Following the recovery of the Global Financial Crisis, the SME builder sector has continued to face challenges which has prevented consistent growth, whereas the larger builder/developer sector found market conditions allowed them to flourish. However, it is becoming increasingly important in view of the Government’s target of building 300,000 new homes each year by the middle of this decade, to reverse the decline of the SME builder if we are to meet this target.
To reverse the decline, we need to address the issues that are preventing SME builders to flourish. These issues relate to planning, development finance and bureaucracy between planning departments and local authorities. Research made by HFB suggests that building capacity could be increased by as much as 25,000 new houses each year from the SME builder sector if conditions were improved.
The planning process is one of the biggest obstacles to tackle which relates to a lack of resources in local authorities. This can cause significant delays, in particular with discharging planning conditions. Whilst this may not affect larger developers too much as they usually have multiple sites on the go at the same time, a smaller builder will usually have all of their capital tied up in one or two sites meaning that they are not able to progress until they receive permission from the relevant local authority. Delays can cause the business to grid to a halt.
To prevent smaller businesses going under, it is imperative that local authorities and planning departments address the lack of resources that cause these delays, whether it be through adequate staffing or systems capabilities. These issues will become more prevalent as the pressure to increase output becomes more urgent.
Other problems relating to planning are when SME’s face being accountable for additional costs or delays by highway and utilities companies. This can often be a result of a lack of communication between local authorities and planning departments, again through lack of staff or resources. This can mean that by the time the relevant party is engaged in the project, the delay has caused significant cost or even caused the project to stop, contributing to the slow output of houses built and adding to the pressure that SMEs are facing.
Although the strict conditions to obtain development finance has eased somewhat in recent years, the terms still remain a challenge for many SMEs and solutions must be found to make obtaining finance easier if we are to boost their growth.

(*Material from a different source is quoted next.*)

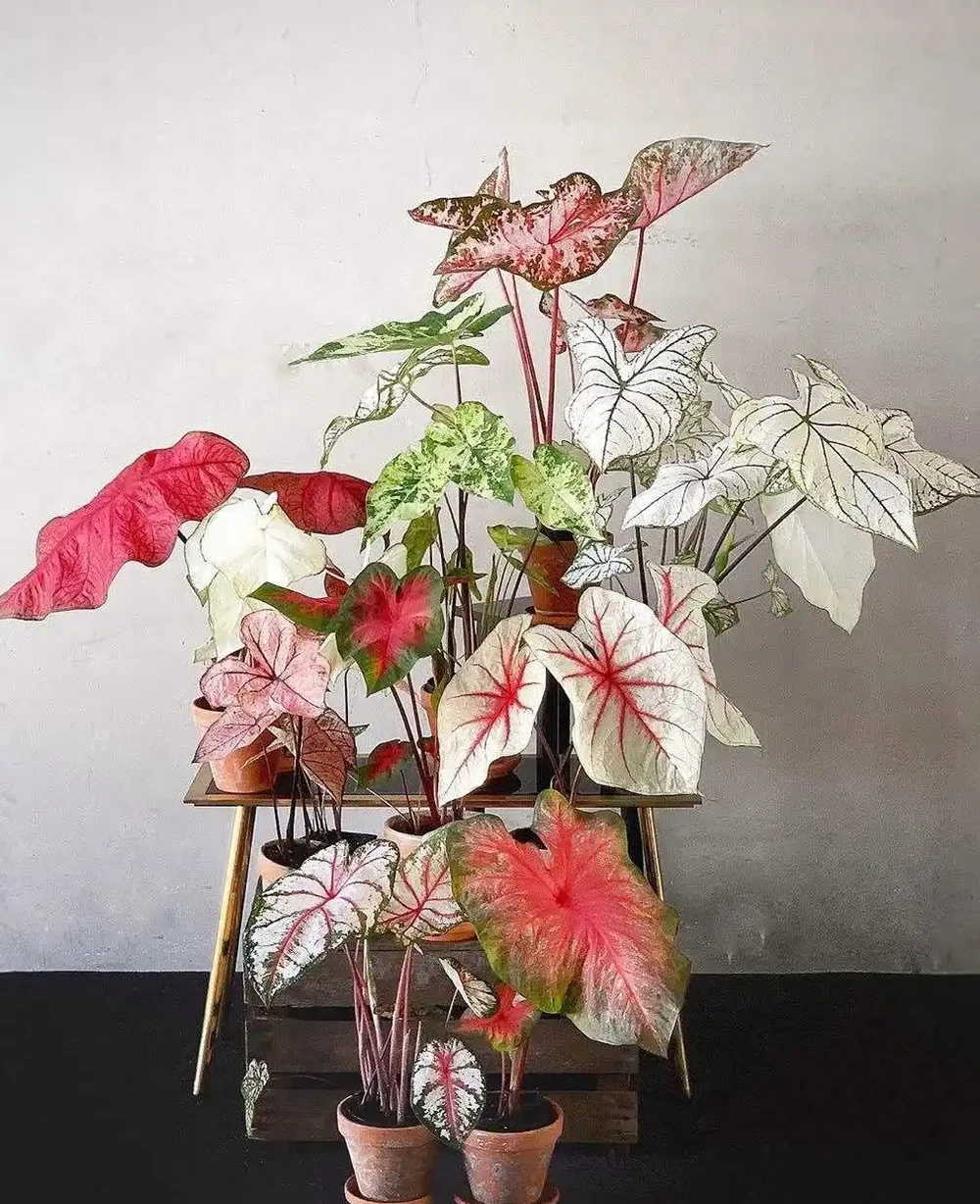 38種耐陰「懶人花」!沒陽光也能滿盆,陽臺客廳秒變綠植角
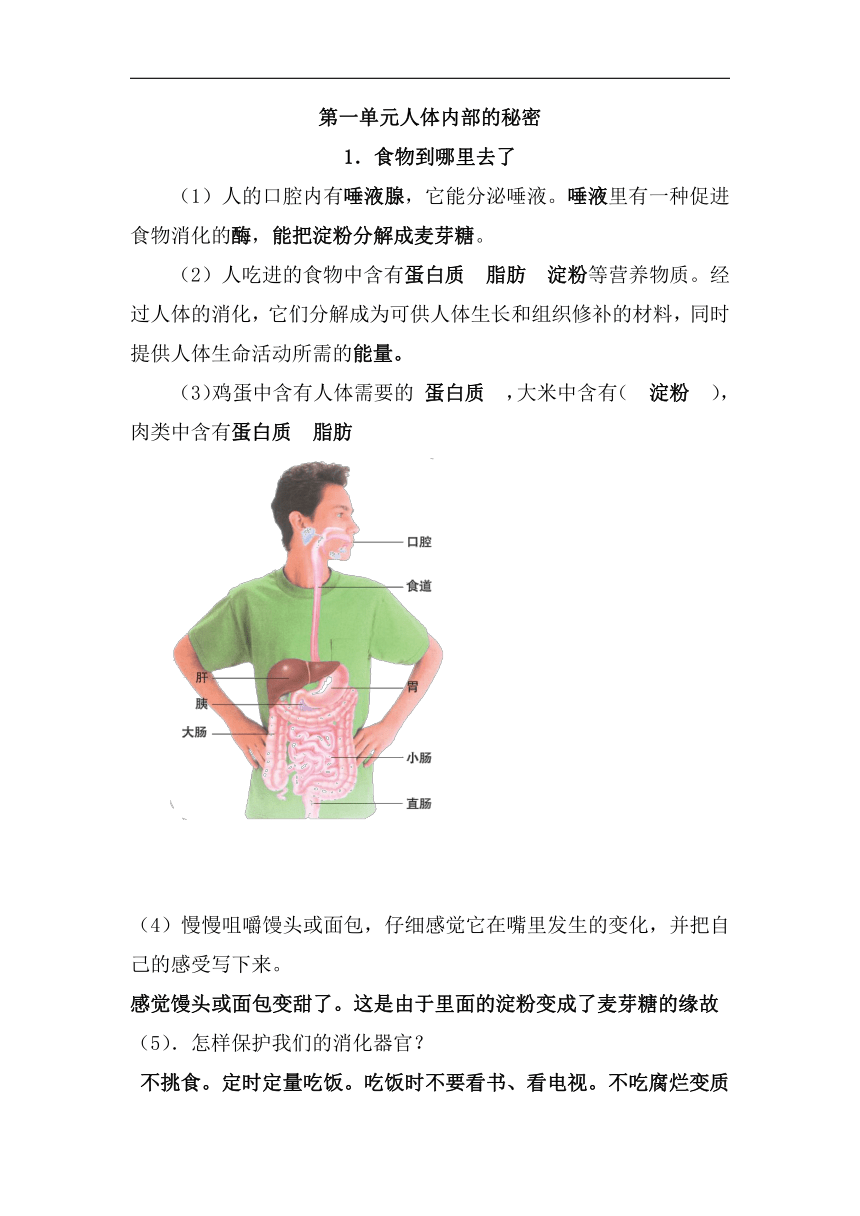 青岛版（六三学制2001）科学 五年级下册 第一单元 人体内部的秘密 知识梳理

Although the government is considering proposals from various institutions, there is still much work to be done to identify new opportunities and solutions.
Other factors such as political climate, red tape within planning departments, the skills shortage in the UK, the rising costs of building materials and a very ambitious environmental agenda set by the government are all preventing the consistent growth of SMEs. If the UK is to meet the target set for the delivery of new homes, more must be done to balance out the odds against SMEs and get them on the road to recovery.